Un an plus tard, Philippe Troussier démissionne. Il doit s’engager avec Niort mais l’affaire capote. Il rebondit à Alençon, un club de quatrième division. Il fourbit ses armes, affine sa méthode pendant trois ans et performe en Coupe de France. « Dans le management, j’ai besoin d’avoir une certaine place », euphémise-t-il. À 32 ans, il entraîne le Red Star. L’éphémère quotidien Le Sport le présente alors ainsi : « Intello et inconnu. Sauf du milieu. Il doit être l’homme de la reconquête, celui qui doit mener le club de Saint-Ouen en Division 2. » Il y parviendra, étrennant une défense à trois, qui deviendra l’une de ses marques de fabrique. Il rejoint ensuite Créteil, toujours en seconde division. Le tournant survient fin 1989. L’attaquant tchadien Nambatingue Toko, vainqueur de la Coupe de France avec le PSG, s’entraîne avec Créteil pour se remettre en forme. Il informe Troussier que l’ASEC Mimosas d’Abidjan cherche un entraîneur. Pourquoi pas lui ? Alors qu’il n’a presque jamais voyagé, à peine pris l’avion, le voilà en route vers la Côte d’Ivoire. « Pour moi, c’était un peu Tintin au Congo ! Pendant le vol, on m’indique par téléphone que je dois sortir en dernier », se souvient-il. L’accueil est enthousiaste, la suite sera triomphale.
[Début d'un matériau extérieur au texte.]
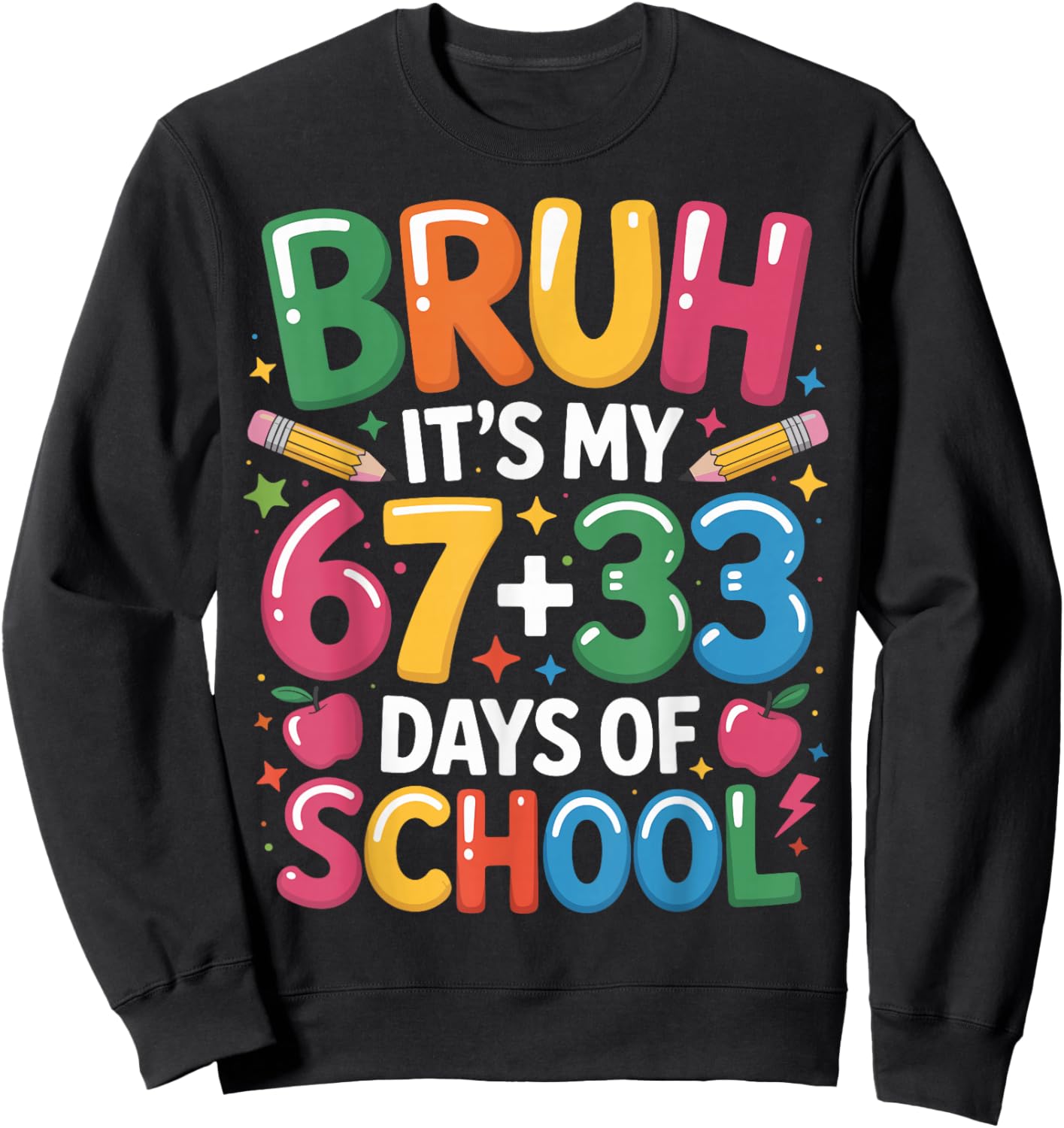 Bruh Its My 67 33 Days of School Boys Girls Kids 100th Day Sweatshirt - Sweatshirt | Black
Il remporte trois fois le titre de champion de Côte d’Ivoire, atteint la demi-finale de la Coupe d’Afrique des clubs champions et entre dans les annales de la FIFA en restant invaincu 105 matches consécutifs, record stratosphérique, probablement insurpassable.
En trois ans, Troussier l’inconnu est devenu le « Sorcier blanc ». Il dirige ensuite la sélection de Côte d’Ivoire, puis file en Afrique du Sud entraîner les Kaizer Chiefs à Johannesburg. Avant de partir pour Rabat, au Maroc, où il restera vivre une partie de l’année, entraînant deux équipes nationales : le Nigeria, dont il a assuré la qualification pour le Mondial, et le Burkina Faso – pour le convaincre, le président Blaise Compaoré n’a pas hésité à mettre à sa disposition un Falcon ! En 1998, lors de la Coupe du monde en France, il est sélectionneur de l’équipe d’Afrique du Sud, premier adversaire des Bleus d’Aimé Jacquet – un autre fils de boucher. Nelson Mandela lui adresse une vibrante lettre d’encouragement. Cela ne suffit pas : défaite 3-0 et élimination au premier tour. Dominique Troussier se souvient avec émotion de sa rencontre avec le leader sud-africain. « J’ai été prise d’une émotion incontrôlée. Sans bien savoir pourquoi, j’ai pleuré. »
Quatre ans plus tard, la Coupe du monde s’invite pour la première fois en Asie, co-organisée par le Japon et la Corée du Sud. Depuis 1998, Philippe Troussier est sur place. Entraîneur du Japon, il mène l’équipe nationale d’une main de fer, ses discours, ses consignes et même ses gestes fidèlement reproduits par son interprète, Florent Dabadie, fils du scénariste et académicien Jean-Loup Dabadie. Quatre années qui vont forger sa légende : sous sa férule, le pays du Soleil-Levant atteint les huitièmes de finale du Mondial, soit le meilleur résultat de son histoire, faisant vibrer les foules bien au-delà des stades. Toujours avec le Japon, il avait auparavant gagné la Coupe d’Asie des nations, été vice-champion du monde moins de 19 ans, terminé cinquième des jeux Olympiques de Sydney avec les moins de 23 ans et même disputé la Copa America, une compétition sud-américaine ! Philippe Troussier devient une star, à qui l’on consacre un manga, plusieurs biographies et que l’on fait tourner dans des réclames. « Pour une pub, j’ai même été préféré à Gérard Depardieu et Jean Reno ! », plastronne-t-il. Il est le seul Français dont le portrait en bronze – il en a vérifié la ressemblance de près – figure au Japan Football Museum.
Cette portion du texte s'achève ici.